Kebiasaan ini hampir dirasakan oleh seluruh keluarga dan rumah tangga di pulau Lae-lae, dimana setiap rumah memiliki balai-balai di depan rumahnya sebagai tempat istirahat pada
siang dan sore hari bersama anggota keluarga mereka.
Sebaliknya tipologi tindakan yang diperlihatkan kakak informan NSDR dalam kasus tersebut diatas, mewakili tindakan rasional instrumental, dimana didasarkan pada
pertimbangan fungsional dan efektif untuk dapat menata kehidupan baru dan mandiri sehingga bisa keluar dari kondisi keterbatasan khususnya perumahan.
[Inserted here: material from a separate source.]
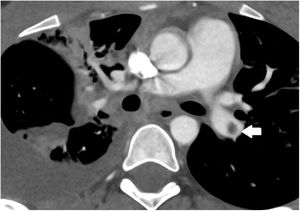 Computed tomography scan with contrast showing complicated pneumonia with effusion in the right lung. The right arrow points at a filling defect observed in the left pulmonary artery related to the pulmonary thromboembolism.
Sementara informan
medasarkan pertimbangan pada rasional nilai dan tradisi, dimana ketika ada anggota keluarga dalam satu rumah tangga yang hilang atau berkurang maka akan mengancam
suasana kebersamaan dan kekeluragaan yang selama ini mewarnai eksistensi keluarga dan rumah tangga mereka.
Pasca relokasi jumlah dan komposisi penduduk pada kedua komunitas mengalami perubahan. Keadaan ini, berpengaruh terhadap dinamika sosial terhadap kedua komunitas
tersebut. Seperti struktur penduduk yang didominasi oleh kelompok umur tertentu akan berpengaruh terhadap produktifitas dan dinamika sosial lainnya. Struktur penduduk kedua
komunitas mempengaruhi pula struktur keluarga khususnya peran, fungsi serta pola hubungan secara menyeluruh.
Pada prinsipnya diskontinyuitas sosial aspek kekeluargaan dan kekerabatan yang terjadi pada kedua komunitas adalah karena faktor relokasi yang tidak ditopang dengan
semangat kebersamaan dan kesepakatan, sehingga kedua komunitas mengalami keterbongkaran dan keterpisahan. Berkenaan dengan relokasi melahirkan yang dua
komunitas dan sistem sosial yang sama-sama mengalami ketidak stabilan dan ketidakseimbangan. Namun relokasi memberi dampak positif dalam memicu dan
mendorong terjadinya perubahan sosial dan mobilitas sosial bagi warga pada kedua komunitas Lae-Lae dan Kampung Nelayan kelurahan Untia.